Halas is an engineer, chemist, physicist and ⎯ together with Rice physicist and engineer Peter Nordlander ⎯ a pioneer of plasmonic photocatalysis, a chemical process that involves the use of light-activated reactive sites, called plasmons, on the surface of metallic nanoparticles. Plasmons make metal nanoparticles act like antennas, and specially designed reactor sites on their surfaces can then carry out chemical reactions at a fraction of the energy expenditure of conventional industrial catalysts, which typically need high temperatures or pressures to work.

“This project is all about pushing the boundaries of what’s possible in chemistry,” Halas said. “Plasmonic photocatalysis is the most promising example of nonequilibrium chemistry that gives rise to unique and unconventional chemical reaction pathways. Pairing it with the precise control over chemical bonds and reaction outcomes achieved through single-atom reactive sites is revolutionary.”

Halas, who was named University Professor in 2023, perfected several light-activated nanoparticle catalysts, demonstrating their potential use in a wide range of domains, including water treatment, optoelectronics, sensing, advanced materials etc., and translating two of the resulting applications commercially, for localized cancer treatment (Nanospectra Biosciences) and sustainable hydrogen fuel production (Syzygy Plasmonics). The latter research spin-off, which has commercialized a light-based chemical reactor, was directly informed by work that the current MURI project also builds on.

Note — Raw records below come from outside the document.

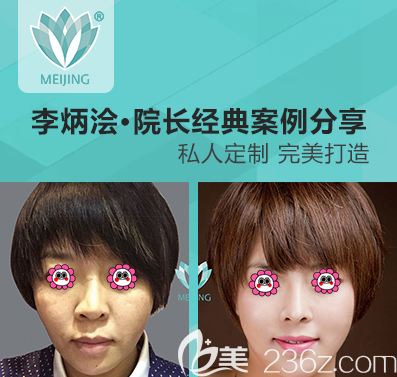 北京美憬李炳澮醫(yī)生肋軟骨鼻綜合隆鼻案例 北京美憬李炳澮醫(yī)生肋軟骨鼻綜合隆鼻案例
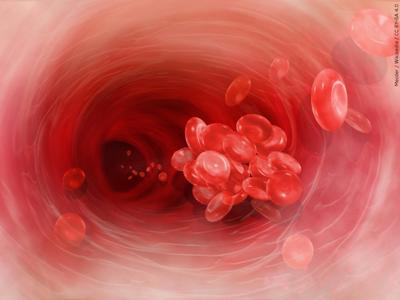 blood clot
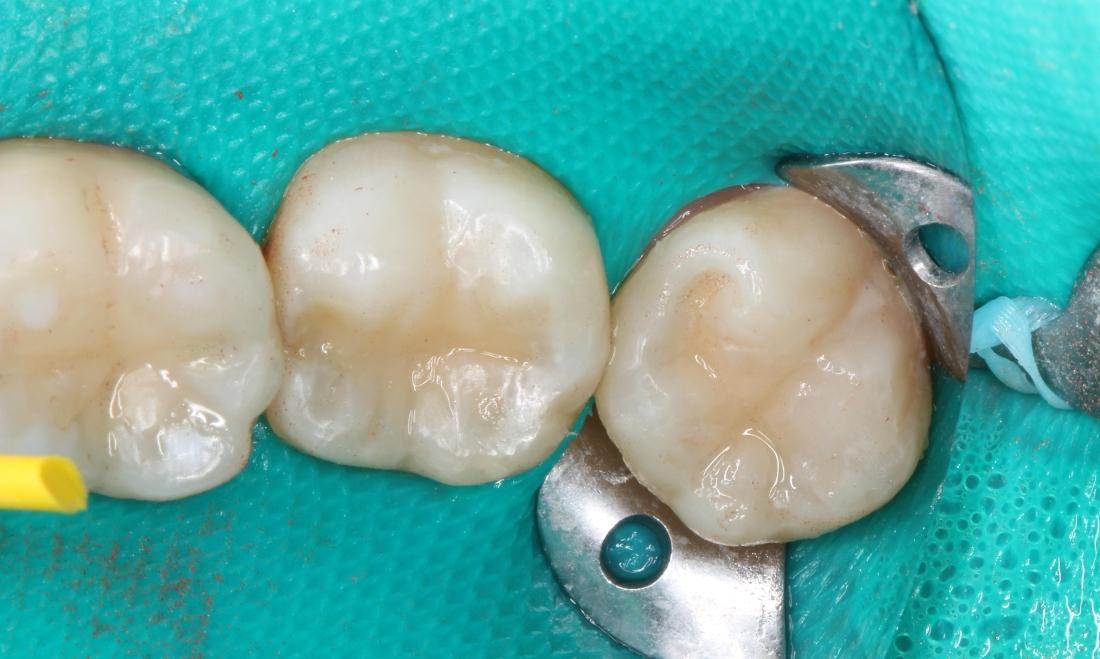 white composite filling, tooth colored filling, polished fillings | dentist in humble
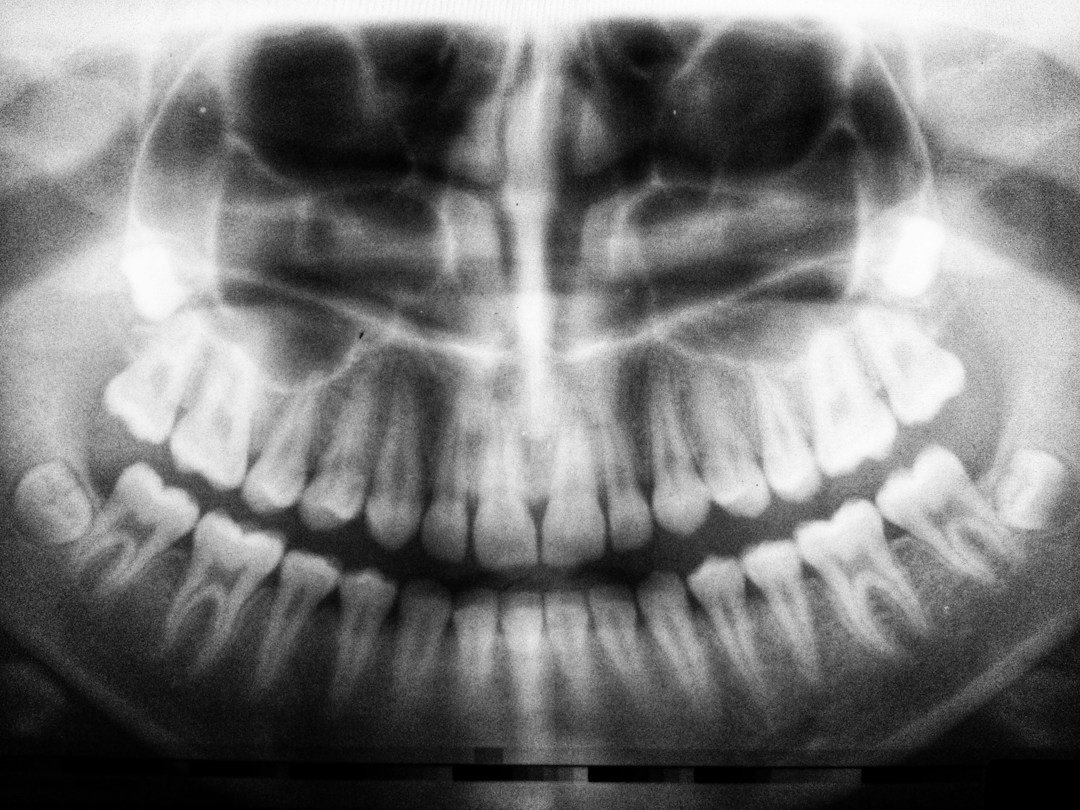Radiation quality control UAE for dental panoramic X-ray and dental imaging equipment
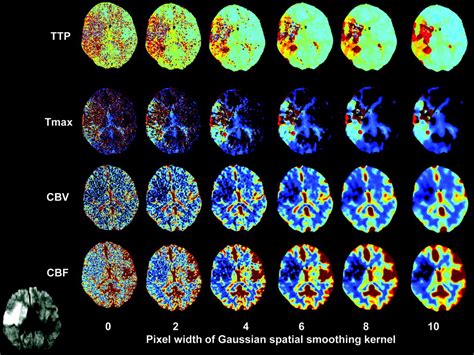 Cerebral Blood Flow Is The Optimal CT Perfusion Parameter For Assessing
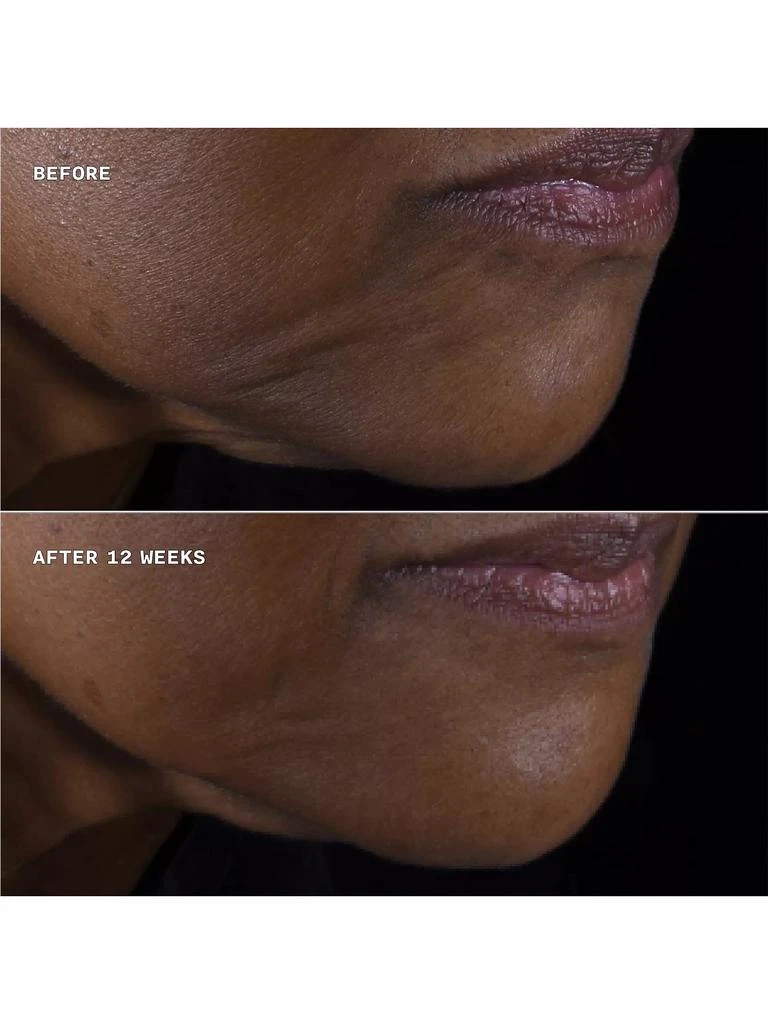 Clinique Smart Clinical Repair Lifting Face + Neck Cream 3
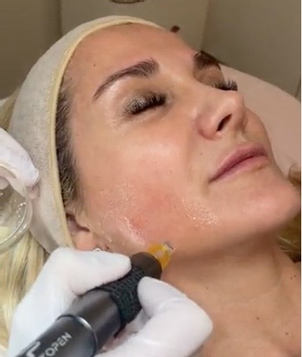 microneedling
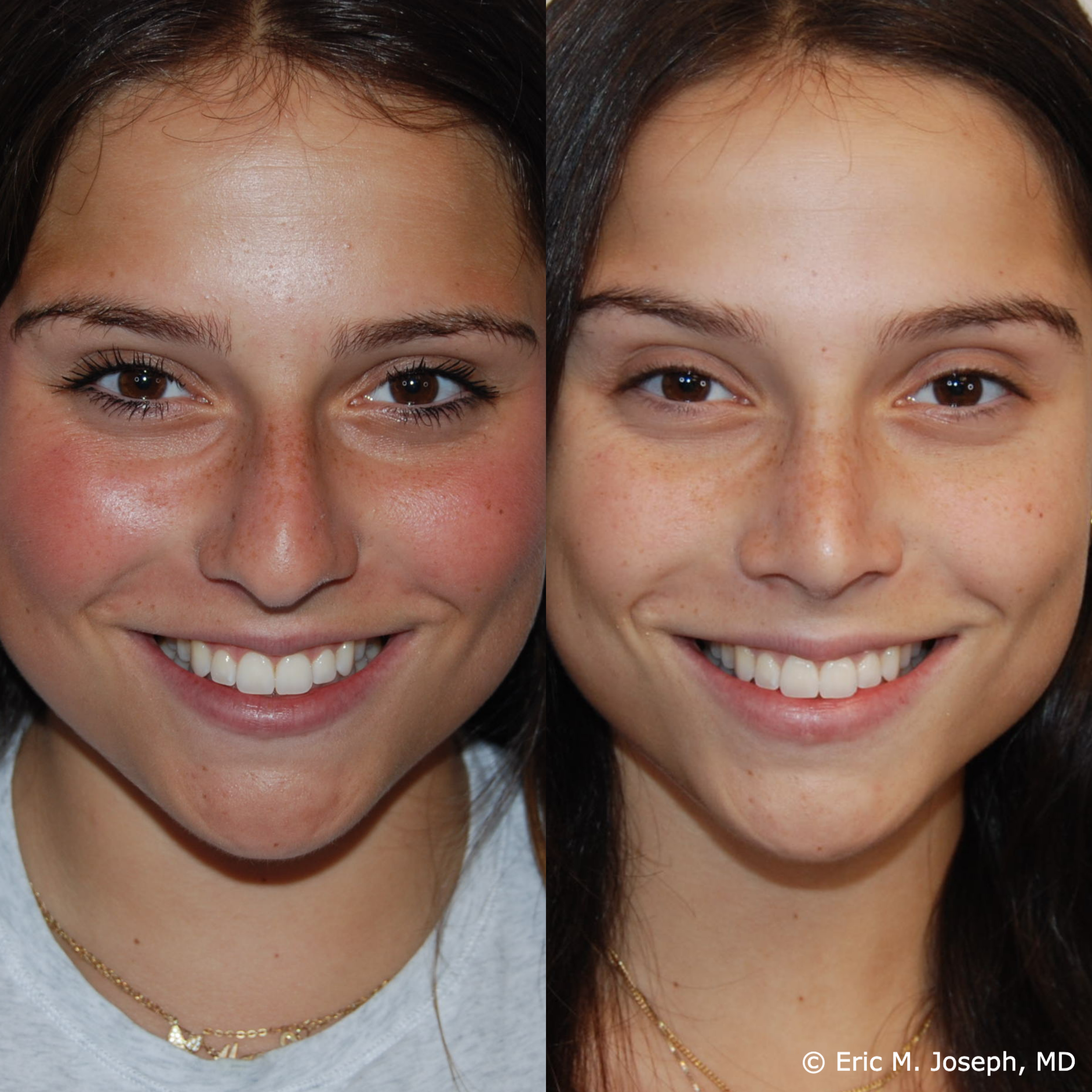 primary-rhinoplasty-nj-1510.png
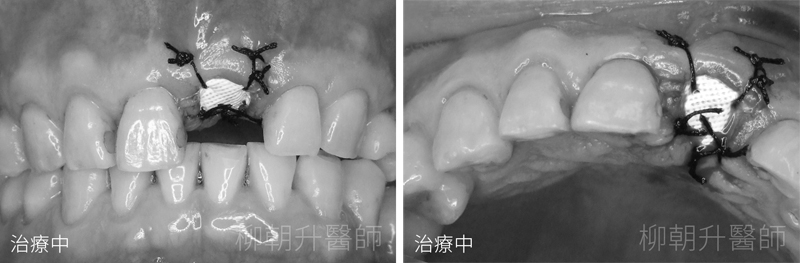 台中全瓷貼片+台中陶瓷貼片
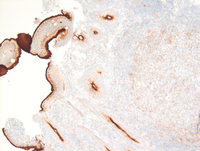 CD10-Duodenal-follicular-lymphoma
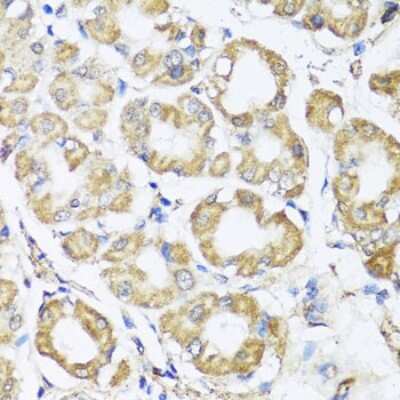 Immunohistochemistry-Paraffin: B9D1 Antibody - BSA Free [NBP2-92821]
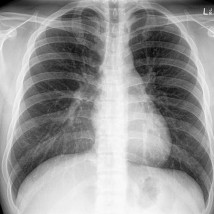 Phoenix Rising: Art and Civic Imagination |   | Friday 7 November 2014 to Sunday 29 March 2015 | to 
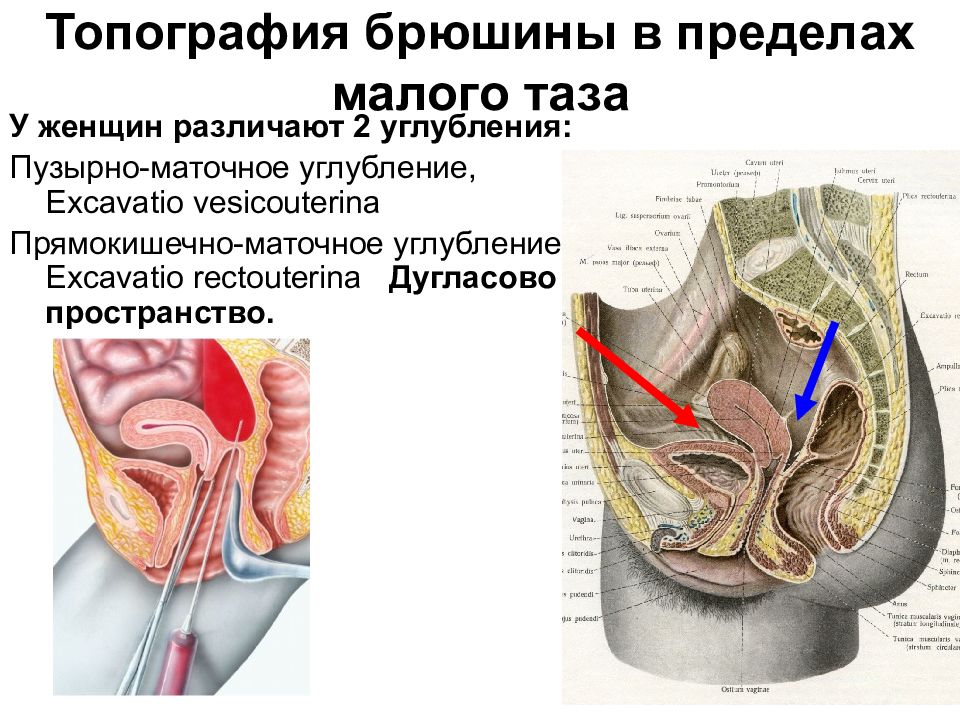 Дугласово пространство. Прямокишечно-маточное углубление анатомия. Прямокишечно-маточное (дугласово) пространство. Прямокишечно-маточное углубление [дугласово пространство]. Брюшина дугласова пространства.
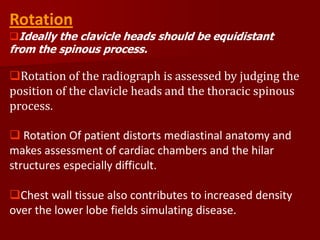 Rotation

Ideally the clavicle heads should be equidistant

from the spinous process.

Rotation of the radiograph is assessed by judging the
position of the clavicle heads and the thoracic spinous
process.
 Rotation Of patient distorts mediastinal anatomy and
makes assessment of cardiac chambers and the hilar
structures especially difficult.
Chest wall tissue also contributes to increased density
over the lower lobe fields simulating disease.

 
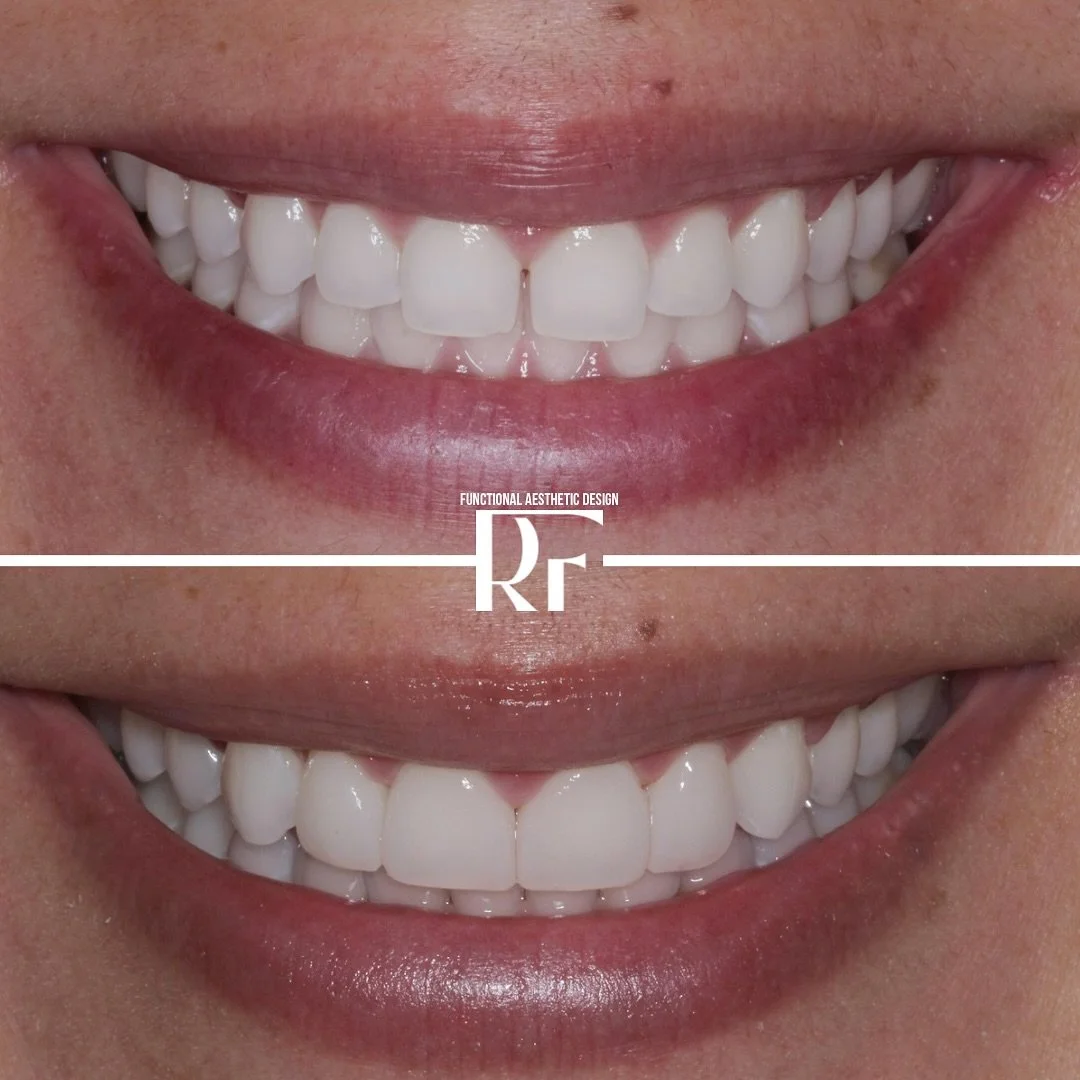 She used to hide her smile in every photo &mdash; now she can&rsquo;t stop smiling. 💎

Just four composite veneers transformed more than her teeth &mdash; they gave her confidence, joy, and a reason to shine again. 

This is more than dentistry. 
Th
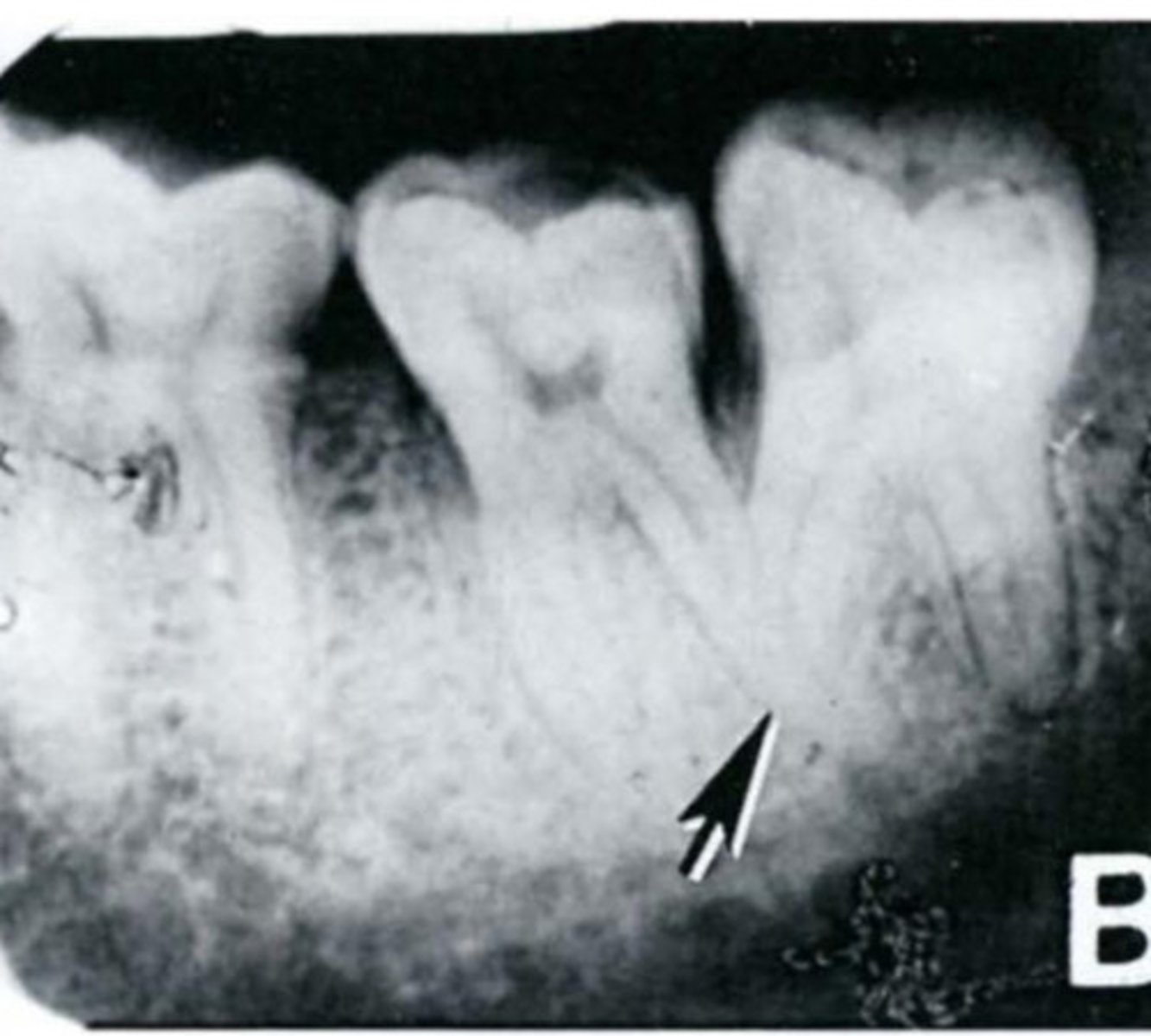 <p>Maxillary molars</p>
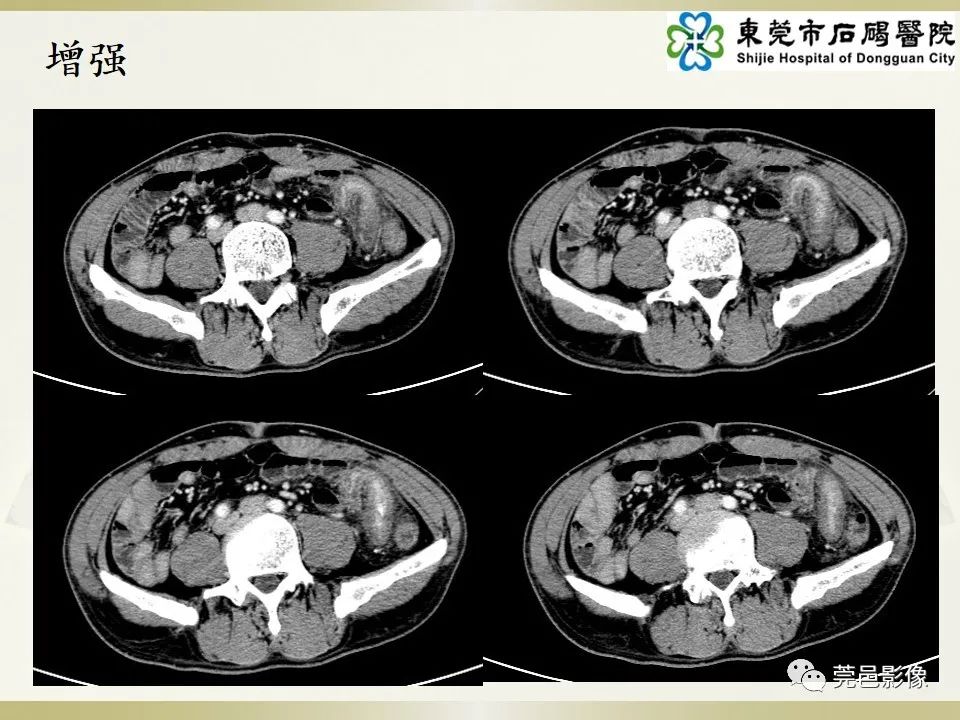 影像PPT - 【PPT】异位阑尾炎的CT诊断-5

The research plan includes the synthesis of innovative single-atom reactor systems; their characterization using atomic-scale imaging and spectroscopies, time-resolved spectroscopic methods to follow the dynamics of chemical reactions; and the analysis of a range of chemical processes and transformations of direct import to the DOD.

Nordlander, Wiess Chair and professor of physics and astronomy at Rice, is a co-PI on the grant. Other co-PIs are Phillip Christopher University of California, Santa Barbara; Emily Carter, Princeton University; Charles Sykes, Tufts University; and Tianquan (Tim) Lian, Emory University.

Other Rice researchers who were part of the cohort of 30 MURI projects funded this year are Pulickel Ajayan, who is contributing to a project titled “Compositionally Complex Ceramics via Knowledge Guided Pyrolysis for Hypersonics;” and Lane Martin, who is contributing to a project titled “Piezoelectric Materials Interfaces with Semiconductors for Integrated Quantum Systems.”